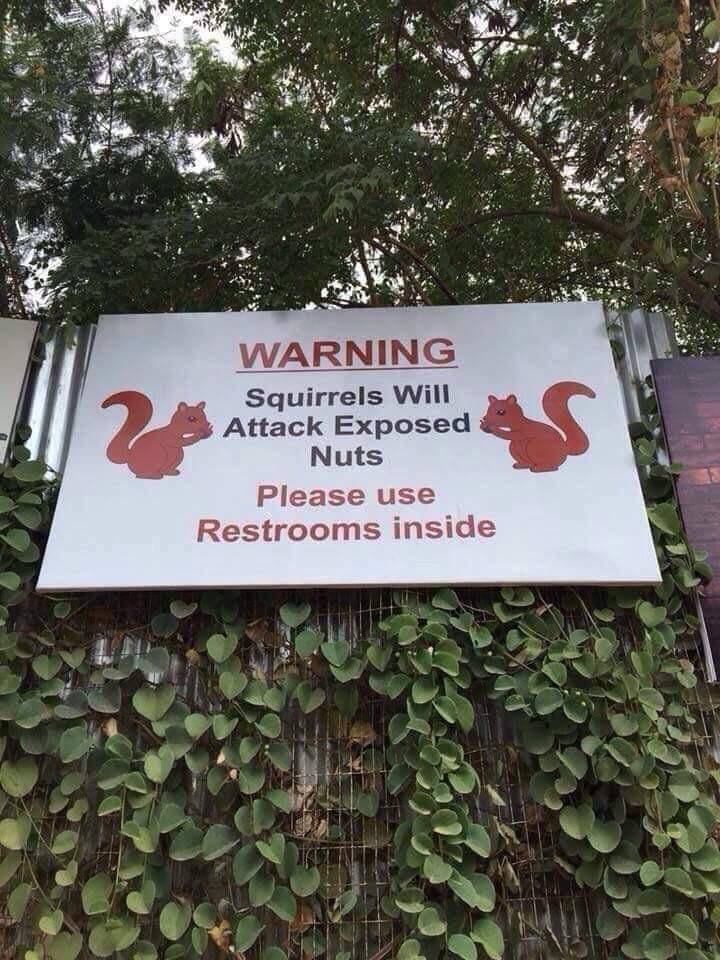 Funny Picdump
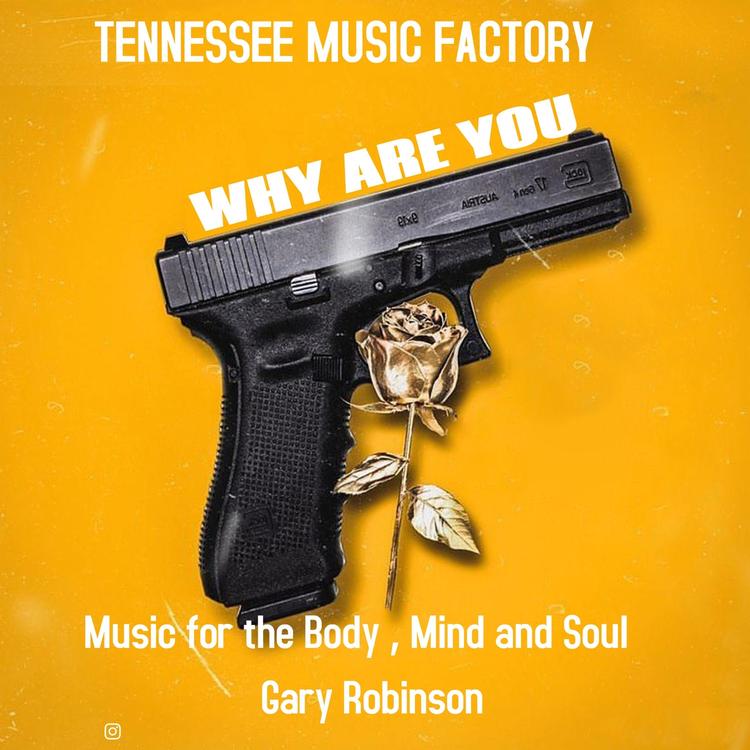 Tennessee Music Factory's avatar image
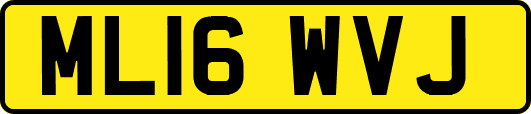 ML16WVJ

##############################

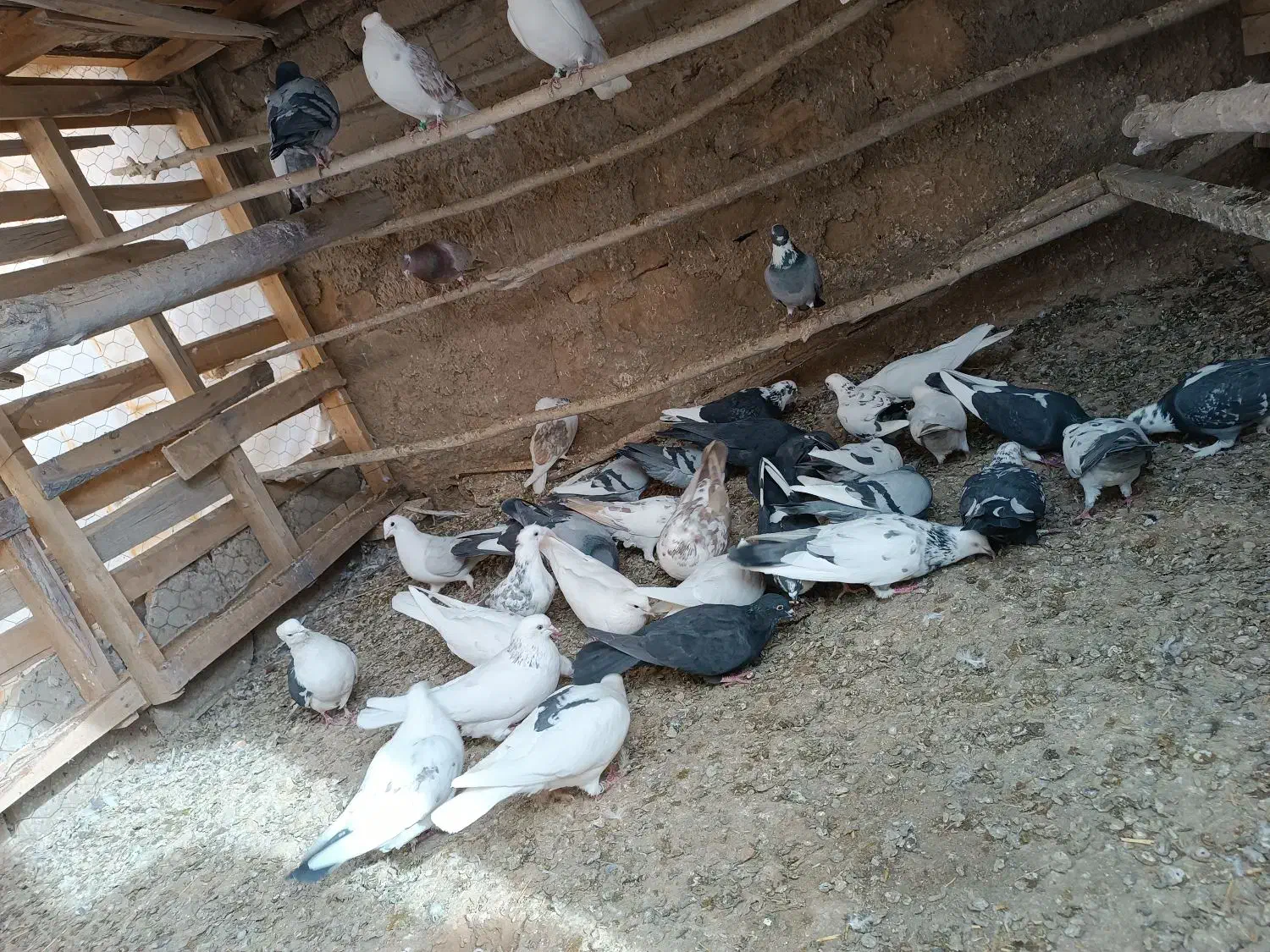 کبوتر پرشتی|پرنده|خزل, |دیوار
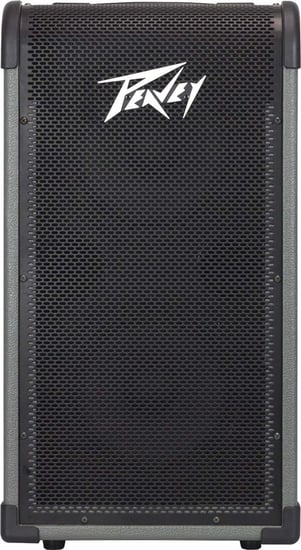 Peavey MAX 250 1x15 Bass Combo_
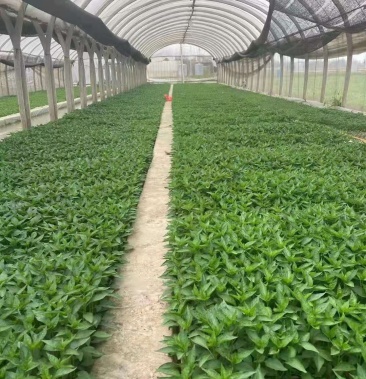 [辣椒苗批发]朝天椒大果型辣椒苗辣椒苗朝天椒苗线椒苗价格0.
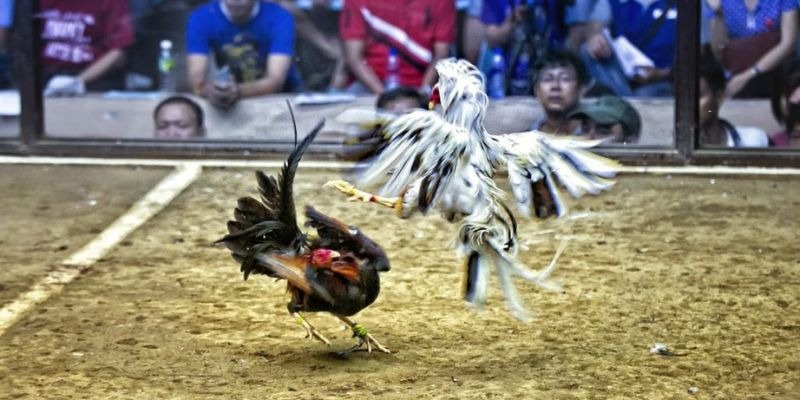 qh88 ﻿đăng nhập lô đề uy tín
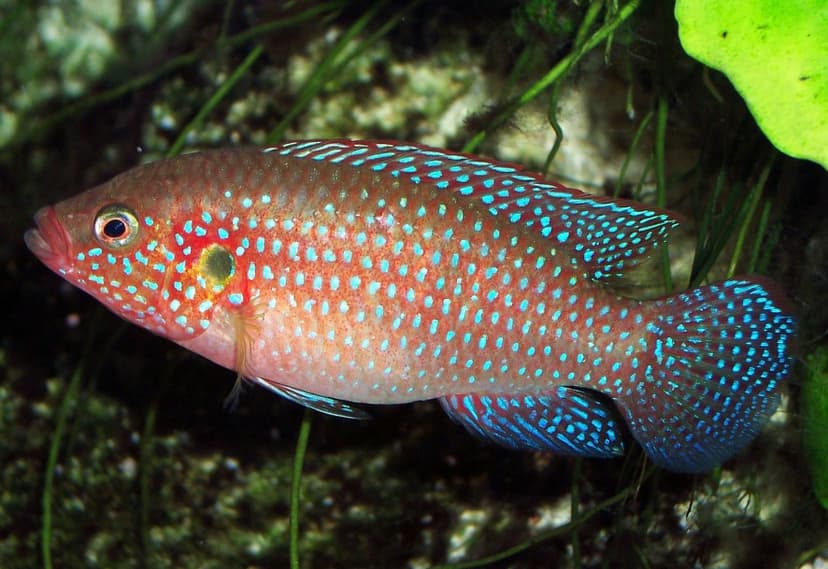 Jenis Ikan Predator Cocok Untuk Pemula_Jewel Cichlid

##############################

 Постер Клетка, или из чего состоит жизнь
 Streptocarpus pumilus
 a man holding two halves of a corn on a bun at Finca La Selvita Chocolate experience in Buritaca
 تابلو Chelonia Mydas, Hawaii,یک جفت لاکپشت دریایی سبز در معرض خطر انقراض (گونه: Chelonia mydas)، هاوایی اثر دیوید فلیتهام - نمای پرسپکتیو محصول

##############################

EXERCISE BRIEF: Exactly as written above, retype the lines starting at the one holding "Peavey MAX 250 1x15 Bass Combo_" and ending at the one holding "Jenis Ikan Predator", both included, but not the pictures.

RESPONSE:
 Peavey MAX 250 1x15 Bass Combo_
 [辣椒苗批发]朝天椒大果型辣椒苗辣椒苗朝天椒苗线椒苗价格0.
 qh88 ﻿đăng nhập lô đề uy tín
 Jenis Ikan Predator Cocok Untuk Pemula_Jewel Cichlid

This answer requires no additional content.